Chaque territoire a des atouts exceptionnels : lagons de Polynésie ou de Mayotte, plages des Antilles, montagnes de La Réunion, gastronomie unique... Il faut également rappeler que nos infrastructures de santé sont calées sur la métropole, et donc de très grande qualité par rapport aux territoires concurrents. Enfin, dans une période mondiale assez troublée, nos territoires représentent des havres de paix par rapport à de nombreuses destinations. Nous disposons de toutes les chances pour participer au mouvement de croissance du secteur du tourisme, estimé à 3 % par an d'ici 2030.

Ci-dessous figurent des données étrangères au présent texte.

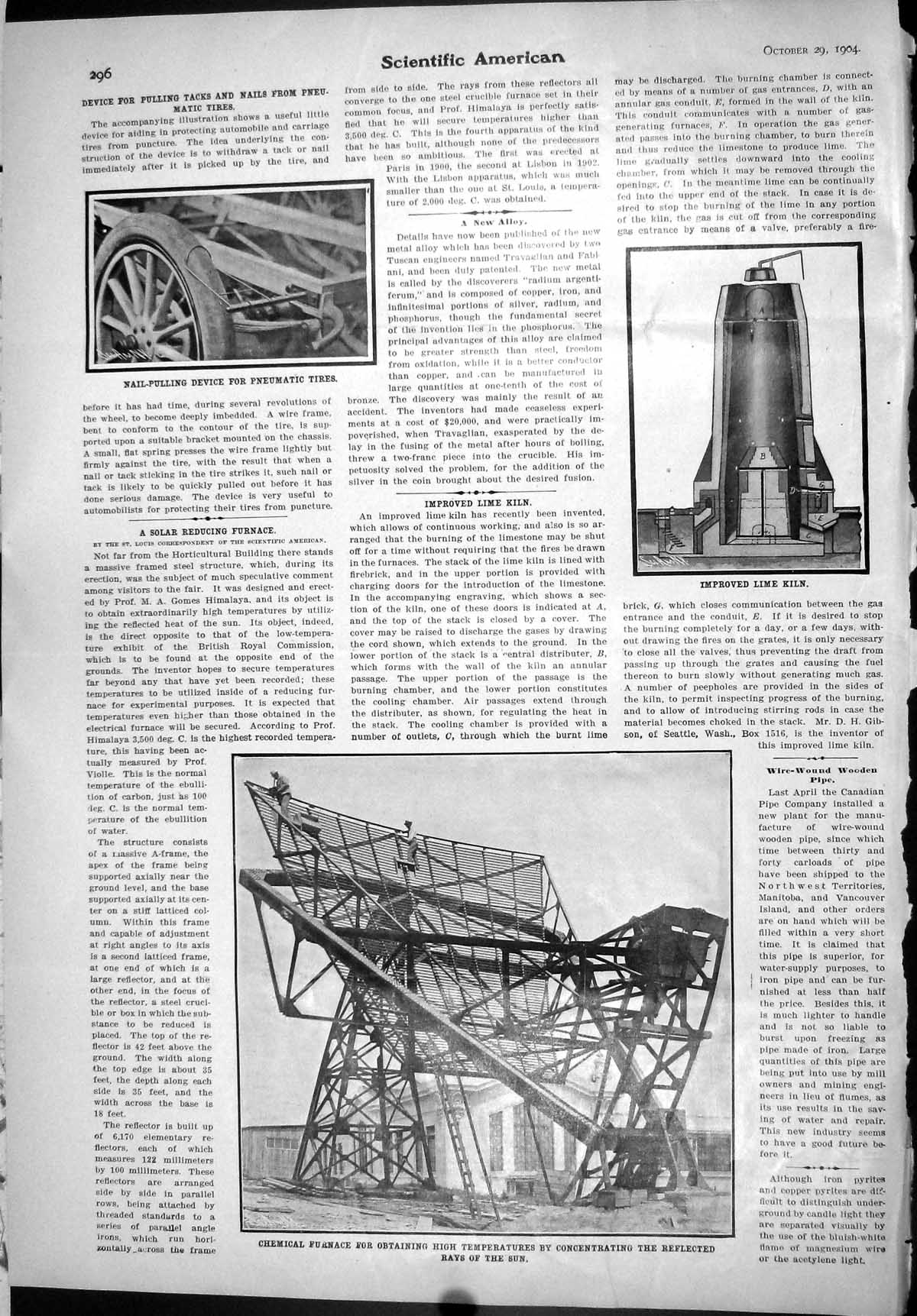 Old Scientific American 1904 Chemical Furnace Obtaining Rays Suns Lim 20th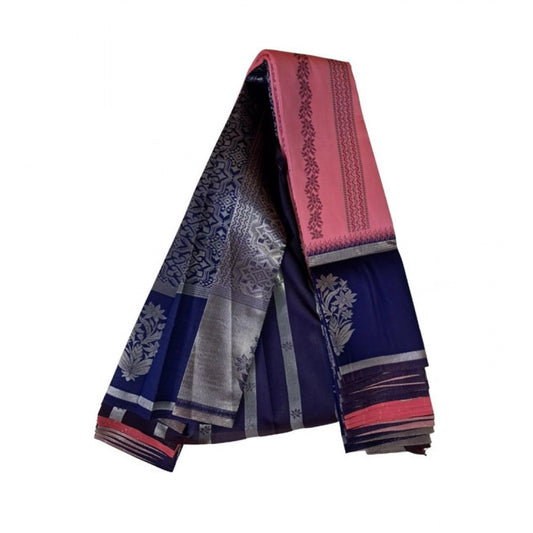 Women's Soft Silk Wooven Saree — Pink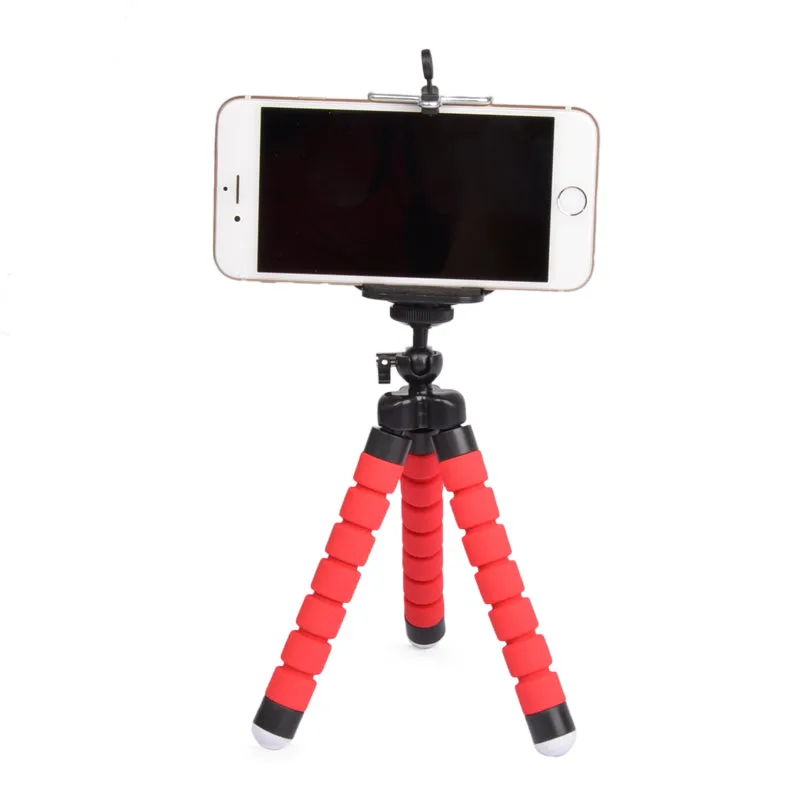 Flexible Portable Adjustable Tripod Mini Universal Octopus Leg Style Bluetooth Selfie Stick  black_With Bluetooth remote control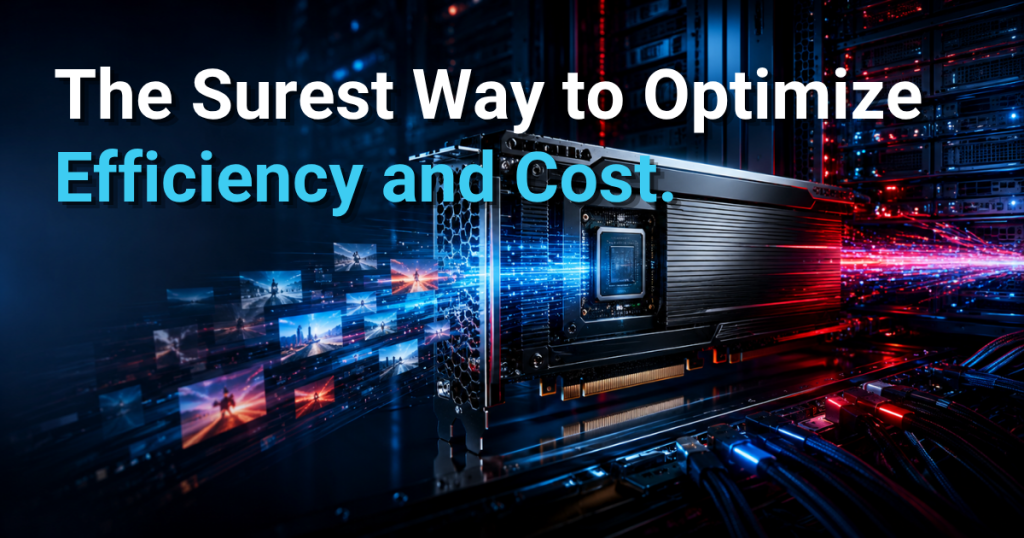 Video processing card handling multiple streams, illustrating cost and efficiency gains.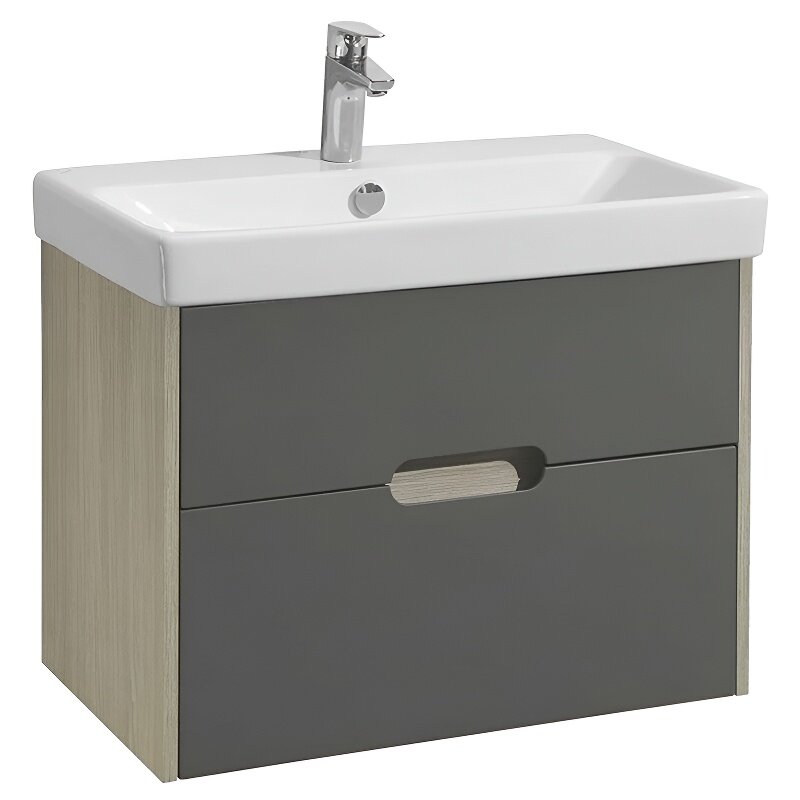 Изображение товара Тумба под раковину Акватон Оливия 70 см, подвесная, серый и бежевый цвет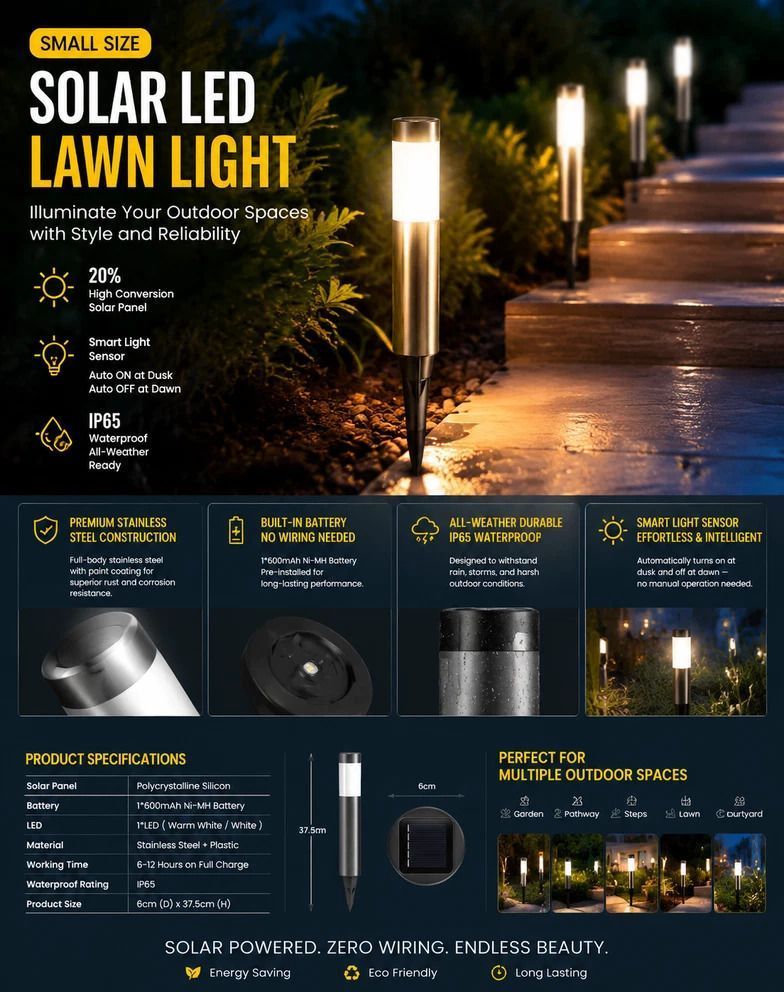 Small Silver Warm White Solar LED Stainless Steel Yard Light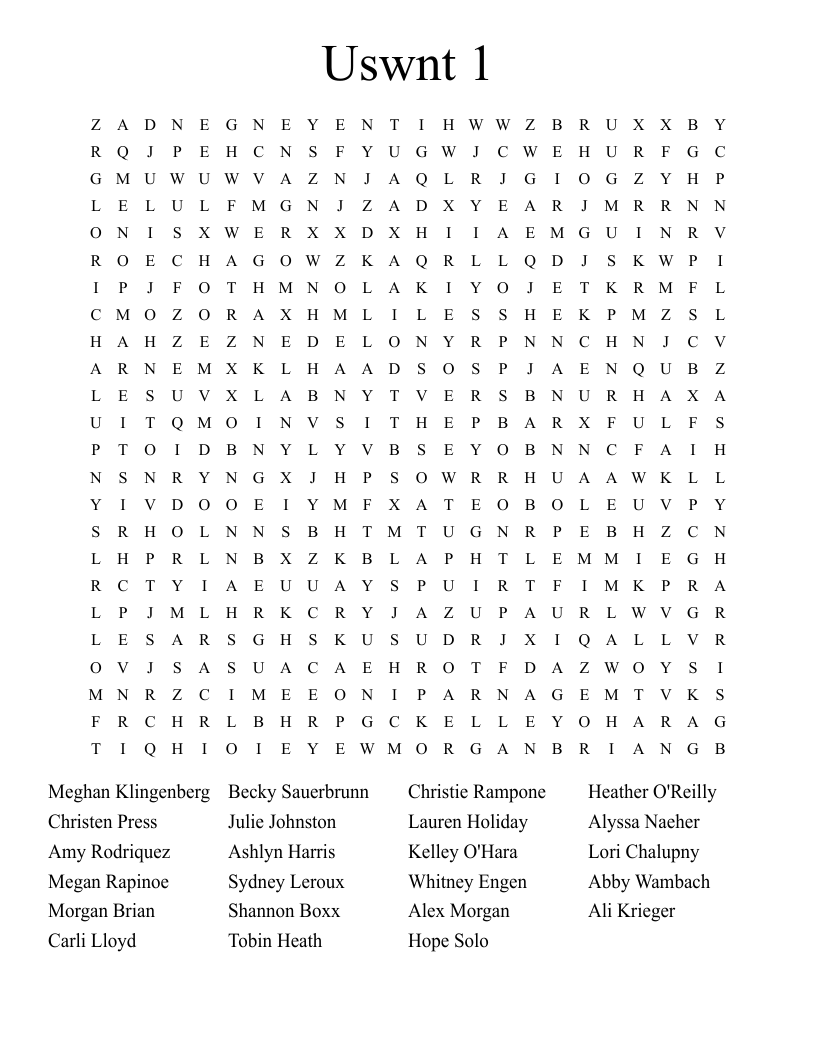 Uswnt 1 Word Search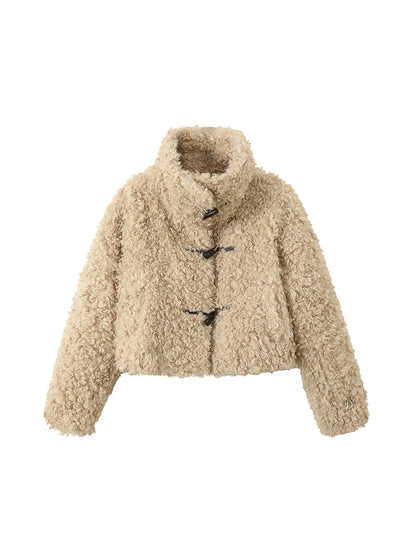 Horn Button Fur Cropped Lapel Jacket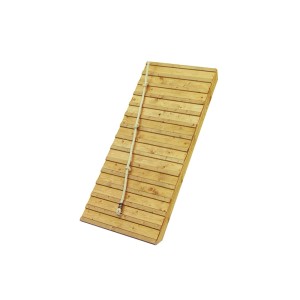 Holzrampe mit Seil für Karibu Stelzenhaus Fidel, Natur-Grau.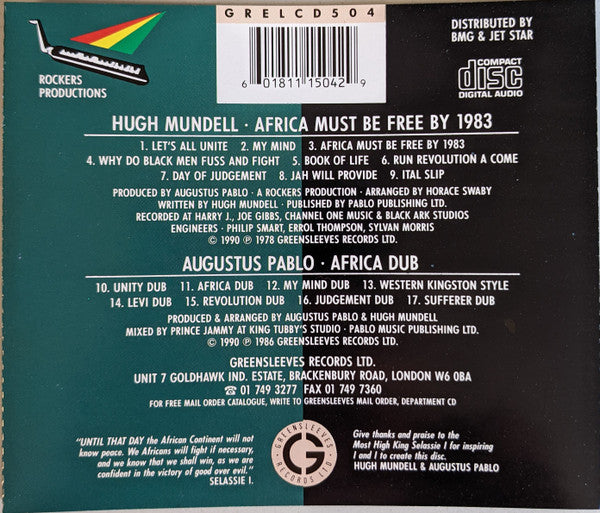 Hugh Mundell / Augustus Pablo : Africa Must Be Free By 1983 / Africa Dub (CD, Comp, RE)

Évidemment, toute la question consistera à mettre en place l'organisation adéquate pour conquérir les marchés. Il y a le tourisme de niche, par exemple le tourisme d'affaires. Nous avons également travaillé à une série d'autres mesures avec Laurent Fabius et Christian Mantei pour améliorer la visibilité et l'image de nos destinations. Nous avons des marges de progression à accomplir dans ce domaine, de sorte qu'une campagne de communication centrée sur le comportement des Français à l'égard des touristes sera déclinée spécifiquement pour la population ultramarine. Il sera en outre important d'améliorer les dessertes aériennes directes en provenance de l'étranger.

Nous devons aussi développer le numérique grâce à des portails internet de qualité et une action sur les moteurs de recherche. De même, nous devons encourager l'effort de formation des personnels de tourisme pour parvenir à l'excellence en matière d'accueil, y compris dans la pratique des langues étrangères. Enfin il faut attirer de nouvelles clientèles en provenance d'Europe et du reste du monde.

Nous sommes conscients que les stratégies touristiques sont principalement le fait des collectivités territoriales. Toutefois, nous avons le sentiment qu'avec une meilleure coordination nous obtiendrions de meilleurs résultats. Atout France, opérateur de l'État, développera son rôle de cluster tourisme dans les outre-mer. Si ce cluster connaît mieux l'activité et joue un rôle opérationnel et stratégique dans les outre-mer, il constituera un support essentiel pour notre tourisme. Nous comptons beaucoup sur son action. Nous avons également le besoin d'améliorer la connaissance statistique des données touristiques, en expérimentant une exploitation des données des compagnies aériennes et des voyagistes en quasi temps réel pour avoir une meilleure réactivité.

Je ne reviens pas sur la stratégie de restructuration du secteur hôtelier et, notamment, de la grande hôtellerie. Cette année encore, nous avons introduit dans la loi de finances des dispositions d'aide à la rénovation du parc immobilier.

Enfin, la déclinaison aux outre-mer des actions financées par le nouveau Fonds d'investissement tourisme, sur lequel travaille la Caisse des dépôts et des consignations, est aussi un élément pouvant épauler significativement les entreprises ultramarines. Le Gouvernement est prêt, avec les outils dont il dispose, à faire partie de cette stratégie de développement du tourisme en outre-mer. Je ne doute pas que nous pourrons y travailler ensemble de manière tout à fait profitable. Au ministère, nous serons heureux d'apporter notre contribution à cette tâche essentielle.